Case ID: f-appx_599/html/0298-01.html
Source: Caselaw Access Project
Author: {"author": "", "license": "Public Domain", "url": "https://static.case.law/"}
Date Created: 2024-08-24T03:29:51.129683

UNITED STATES of America, Plaintiff-Appellee, v. Denise BROWNING, Defendant-Appellant.
    No. 13-50111.
    United States Court of Appeals, Ninth Circuit.
    Argued and Submitted Feb. 4, 2015.
    Filed March 20, 2015.
    Jean-CIaude Andre, Assistant U.S., Thomas D. Coker, Esquire, Assistant U.S., USLA-Office of the U.S. Attorney, Los Angeles, CA, for Plaintiff-Appellee.
    Jeff Dominic Price, Santa Monica, CA, for Defendant-Appellant.
    Before: KLEINFELD and NGUYEN, Circuit Judges, and CARR, Senior District Judge.
    
    
      
       The Honorable James G. Carr, Senior United States District Judge for the Northern District of Ohio, sitting by designation.
    
   MEMORANDUM

Defendant Denise Browning appeals her conviction and sentence for willfully aiding or assisting in the filing of false tax returns, in violation of 26 U.S.C. § 7206(2). We have jurisdiction under 28 U.S.C. § 1291 and 18 U.S.C. § 3742(a). For the reasons stated below, we affirm the conviction, but vacate the sentence and remand for resentencing.

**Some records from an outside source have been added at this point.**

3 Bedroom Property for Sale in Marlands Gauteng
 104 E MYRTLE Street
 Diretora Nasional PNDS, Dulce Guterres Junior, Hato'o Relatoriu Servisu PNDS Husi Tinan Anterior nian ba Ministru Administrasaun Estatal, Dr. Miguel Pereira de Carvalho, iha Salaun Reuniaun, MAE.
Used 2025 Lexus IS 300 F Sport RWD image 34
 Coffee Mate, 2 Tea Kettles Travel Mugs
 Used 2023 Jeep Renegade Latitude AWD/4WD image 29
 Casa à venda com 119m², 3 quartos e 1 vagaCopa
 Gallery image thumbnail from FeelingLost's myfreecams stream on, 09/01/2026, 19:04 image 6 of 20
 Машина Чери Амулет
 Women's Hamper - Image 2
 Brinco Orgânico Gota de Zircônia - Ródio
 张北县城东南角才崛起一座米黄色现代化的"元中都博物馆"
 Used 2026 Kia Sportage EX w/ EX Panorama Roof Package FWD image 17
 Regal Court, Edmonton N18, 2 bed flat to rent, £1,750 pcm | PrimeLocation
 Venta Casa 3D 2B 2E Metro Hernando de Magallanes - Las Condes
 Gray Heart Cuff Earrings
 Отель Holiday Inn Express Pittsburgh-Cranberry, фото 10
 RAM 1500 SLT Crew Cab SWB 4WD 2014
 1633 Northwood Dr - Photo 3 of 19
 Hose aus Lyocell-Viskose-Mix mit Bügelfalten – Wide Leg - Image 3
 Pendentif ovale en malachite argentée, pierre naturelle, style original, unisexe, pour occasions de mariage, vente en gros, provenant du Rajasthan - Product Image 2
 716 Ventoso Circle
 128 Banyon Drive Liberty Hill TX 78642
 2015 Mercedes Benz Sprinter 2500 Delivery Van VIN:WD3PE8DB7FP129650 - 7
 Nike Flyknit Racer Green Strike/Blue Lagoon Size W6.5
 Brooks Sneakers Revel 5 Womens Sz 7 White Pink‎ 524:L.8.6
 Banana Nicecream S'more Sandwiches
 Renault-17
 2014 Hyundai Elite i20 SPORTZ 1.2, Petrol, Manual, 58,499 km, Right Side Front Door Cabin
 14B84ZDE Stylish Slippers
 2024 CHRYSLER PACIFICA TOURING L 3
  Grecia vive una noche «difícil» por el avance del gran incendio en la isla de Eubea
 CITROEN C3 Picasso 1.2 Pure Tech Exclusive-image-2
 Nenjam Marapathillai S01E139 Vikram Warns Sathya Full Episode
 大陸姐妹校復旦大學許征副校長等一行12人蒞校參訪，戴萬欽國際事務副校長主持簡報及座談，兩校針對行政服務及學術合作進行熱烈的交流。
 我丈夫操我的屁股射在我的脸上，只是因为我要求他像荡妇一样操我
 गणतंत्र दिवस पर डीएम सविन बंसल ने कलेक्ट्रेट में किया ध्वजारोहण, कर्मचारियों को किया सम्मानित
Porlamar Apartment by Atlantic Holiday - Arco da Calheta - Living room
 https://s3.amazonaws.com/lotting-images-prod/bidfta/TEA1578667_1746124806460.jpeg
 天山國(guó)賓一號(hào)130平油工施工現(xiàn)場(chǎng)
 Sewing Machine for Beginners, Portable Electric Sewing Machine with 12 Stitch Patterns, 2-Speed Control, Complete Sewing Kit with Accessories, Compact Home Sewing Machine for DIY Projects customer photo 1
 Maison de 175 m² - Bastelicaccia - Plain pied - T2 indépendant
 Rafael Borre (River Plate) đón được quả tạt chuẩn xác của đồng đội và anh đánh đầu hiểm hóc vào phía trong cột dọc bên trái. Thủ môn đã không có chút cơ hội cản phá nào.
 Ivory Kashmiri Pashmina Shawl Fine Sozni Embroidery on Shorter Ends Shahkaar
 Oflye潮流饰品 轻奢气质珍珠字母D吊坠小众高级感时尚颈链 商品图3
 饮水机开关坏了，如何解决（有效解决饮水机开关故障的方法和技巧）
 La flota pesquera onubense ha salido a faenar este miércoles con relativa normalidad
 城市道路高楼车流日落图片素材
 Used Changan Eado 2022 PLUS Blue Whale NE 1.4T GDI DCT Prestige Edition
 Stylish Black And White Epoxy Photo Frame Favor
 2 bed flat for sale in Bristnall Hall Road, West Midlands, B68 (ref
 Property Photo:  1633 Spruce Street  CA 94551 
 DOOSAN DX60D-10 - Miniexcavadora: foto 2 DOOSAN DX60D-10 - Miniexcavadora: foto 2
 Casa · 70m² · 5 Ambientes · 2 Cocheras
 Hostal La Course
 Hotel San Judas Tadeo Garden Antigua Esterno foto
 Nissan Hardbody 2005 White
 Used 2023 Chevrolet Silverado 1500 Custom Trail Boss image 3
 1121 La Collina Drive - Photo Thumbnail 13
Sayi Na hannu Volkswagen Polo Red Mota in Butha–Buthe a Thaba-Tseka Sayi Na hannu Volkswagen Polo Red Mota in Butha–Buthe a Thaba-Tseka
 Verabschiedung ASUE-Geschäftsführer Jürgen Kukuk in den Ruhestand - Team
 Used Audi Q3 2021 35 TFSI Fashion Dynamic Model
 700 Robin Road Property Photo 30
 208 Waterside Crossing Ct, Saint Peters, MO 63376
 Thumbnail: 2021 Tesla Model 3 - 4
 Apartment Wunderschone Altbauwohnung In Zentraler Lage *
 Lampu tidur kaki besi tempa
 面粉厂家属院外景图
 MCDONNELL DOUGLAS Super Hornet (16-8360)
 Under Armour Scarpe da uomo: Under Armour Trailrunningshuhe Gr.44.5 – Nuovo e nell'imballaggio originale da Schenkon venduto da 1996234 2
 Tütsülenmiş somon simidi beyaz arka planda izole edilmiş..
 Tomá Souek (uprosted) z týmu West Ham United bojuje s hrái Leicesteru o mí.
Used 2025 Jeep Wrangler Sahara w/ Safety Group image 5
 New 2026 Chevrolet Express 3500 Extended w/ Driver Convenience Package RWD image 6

1. Sufficient evidence supports Defendant’s conviction. The evidence, viewed in the light most favorable to the government, Jackson v. Virginia, 443 U.S. 307, 319, 99 S.Ct. 2781, 61 L.Ed.2d 560 (1979), demonstrates that Defendant willfully prepared false tax returns. For example, instead of reporting the actual amount of wages paid to employees, Defendant only reported the wage amount that matched the amount of taxes the company already paid.

In 2005, during an interview with an IRS agent, Defendant acknowledged that the wages she reported on the returns should match those reported on the employees’ W-2s. Nevertheless, on a subsequent return, she again underreported the wages paid to employees. Defendant refused to sign the returns because she did not want to sign something under penalty of perjury that she knew was false. Further, the jury viewed email correspondence between Defendant and her boss in which Defendant asked if she should file certain returns “as is, totally legit.”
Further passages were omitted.